- Artist: Salvador Dalí
- Year: 1938
- Medium: Oil on canvas
- Dimensions: 114.8 cm × 143.8 cm (45.2 in × 56.6 in)
- Location: Wadsworth Atheneum; Hartford;

= Apparition of Face and Fruit Dish on a Beach =

Painting by Salvador Dalí

Apparition of Face and Fruit Dish on a Beach is an oil painting by the Spanish surrealist artist Salvador Dalí, from 1938. It is part of the Ella Gallup Sumner and Mary Catlin Sumner Collection of the Wadsworth Atheneum Museum of Art, in Hartford, Connecticut.

==Description==
This work belongs to a group of paintings by Dalí that instantiate an optical illusion called the double, multiple, or ambiguous image.

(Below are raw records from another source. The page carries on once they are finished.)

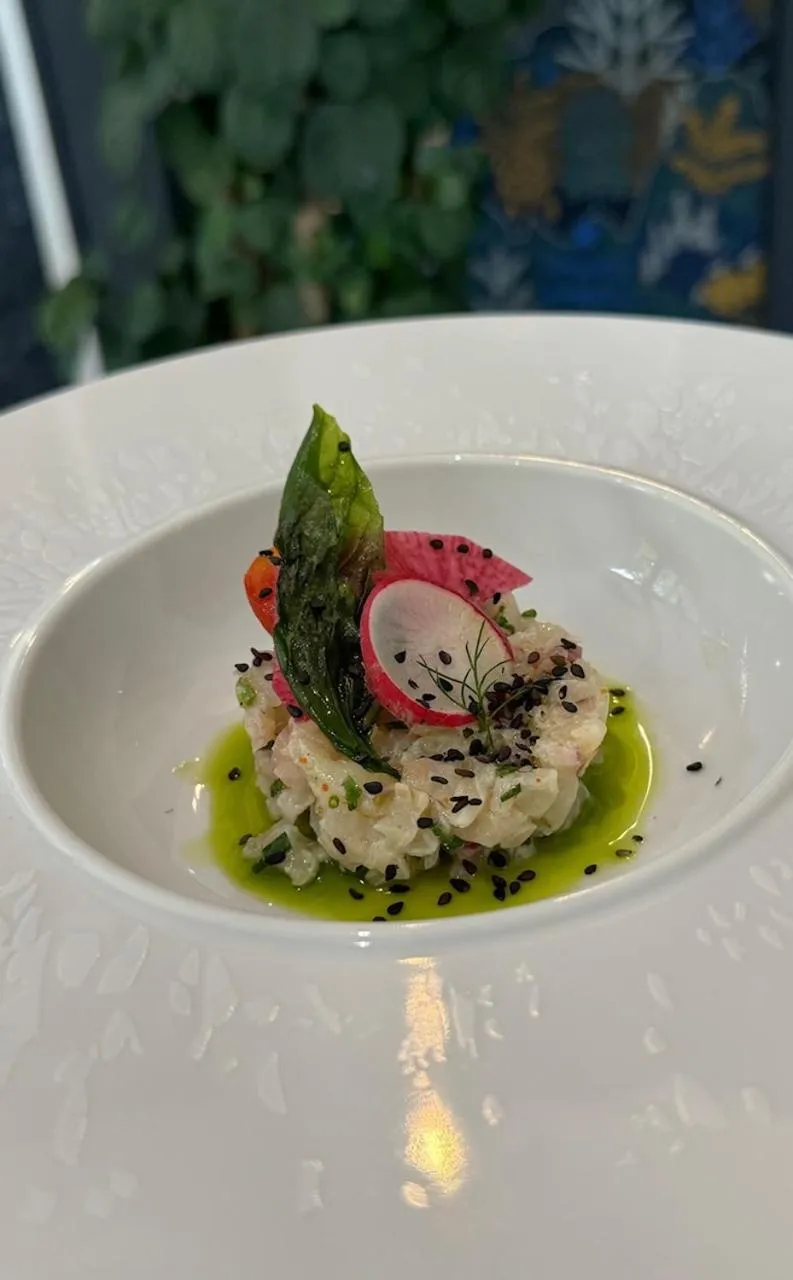 Le Clos Du Pontic Logis et Cit'Hotel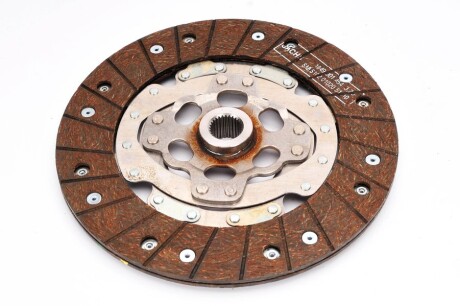 Фото 2 - Диск зчеплення SACHS 1864527337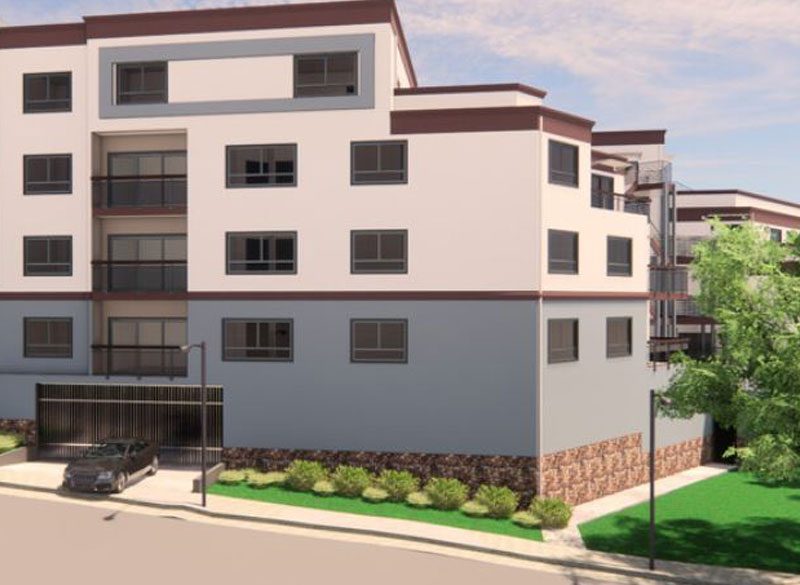 Residential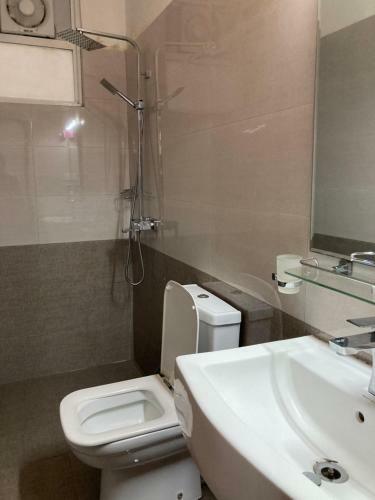 Nuwara Eliya Luxury Apartments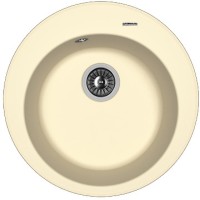 Кухонная мойка Florentina Никосия-510 20.135.B0510.202 Шампань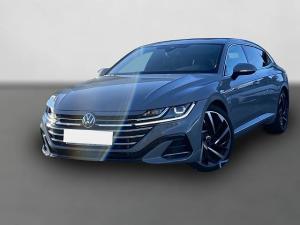 Volkswagen Arteon Shooting Brake 2.0 TDI DSG 4-MOTION R-Lin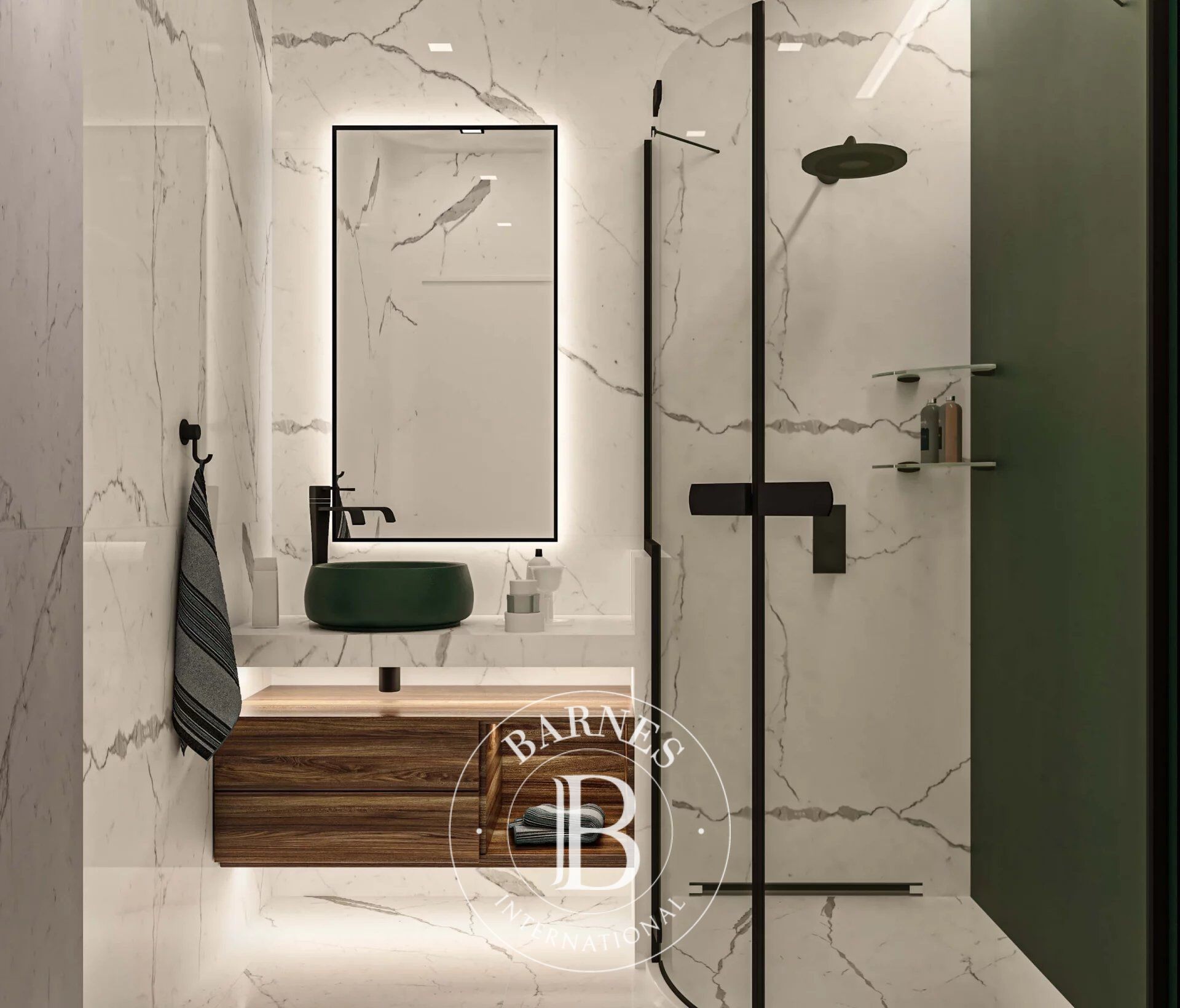 Penthouse Sofia - picture 18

The painting is dominated by a depiction of a stemmed silver fruit bowl containing pears. A deliberately created optical illusion of the human face occupies the same space as the dish; the fruits suggest wavy hair, the dish's bowl becomes the forehead, the stem of the dish serves as the bridge of the nose, and the dish's foot doubles as the chin. The eyes of the large face, however, are formed by background objects lying on the sand at the edge of the strand — deeper in the image — rather than sharing form with the fruit dish. The face's right eye is what appears to be a clay vase lying on its side, and the face's left eye a sprawling child. A similar face reappears other paintings by Dalí, including The Endless Enigma.

In the middle ground of the scene, where the sand of the beach appears to end, a small version of the fruit dish/face can be seen on the ground with a few pears scattered near it. Another face appears further back, just to the right of the elbow of the nude male figure. In the same area of the painting, two dogs are playing along a path in the distance. One of those dogs is itself an echo of the immense, illusionary figure of a dog which stretches from the left to the right margin of the painting, with the dog's collar formed by a multi-arched bridge or aqueduct in the landscape beyond. This repetition of shapes is a frequent motif in Dalí's surrealist works.